3 Group saw “solid improvements” in its operating results for 2011 in all markets except Australia, according to figures released by parent Hutchison Whampoa.

The conglomerate is also optimistic about 3’s performance moving forward, stating that “despite Europe being affected by economic and financial uncertainties, 3 Group has maintained its growth momentum in the smartphone and mobile broadband market segments this year and will make an improved earnings contribution to [Hutchison’s] results in 2012.”

3 Group reported total revenue of HKD74.29 billion (US$9.6 billion), a 16 percent year-on-year increase. EBIT of HKD1.48 billion marks the second year of positive results at this level, although it was 49 percent down compared with 2010 due to lower one-off gains being recognised by operating units in the UK and Italy.

The company’s registered 3G customer base increased by 7 percent during the period, and currently totals more than 31.6 million customers.

Hutchison’s Australian business suffered during the first half of 2011 as a result of network performance issue, with the company having “invested a significant amount” to drive network improvement plans at this unit.
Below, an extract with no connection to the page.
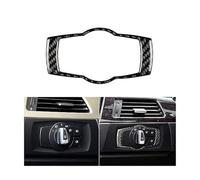 Caja Navegación Control Central Automóvil Embellecedor De Marco Interruptor Para E90 Para E92 Para E93 320i 325i 2005-2012 Accesorios Interiores Coche Adhesivo Fibra Carbono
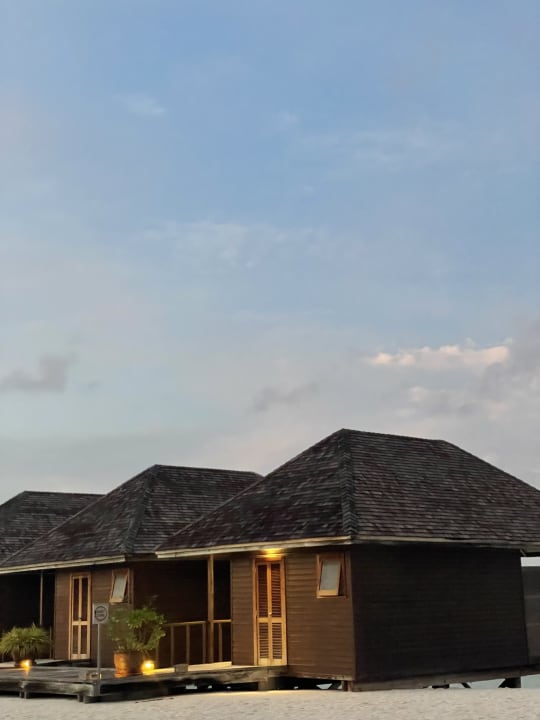 Außenansicht Meeru Maldives Resort Island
It said that there will be a focus on improving the financial performance for this business in 2012.

The company also saw a one-time write-off of HKD1.3 billion as the result of a revaluation of the asset base at 3 UK, following a network integration programme.

It also noted that it is still awaiting regulatory approval for a plan to acquire Orange Austria, a deal which was this week reported to be facing some hurdles.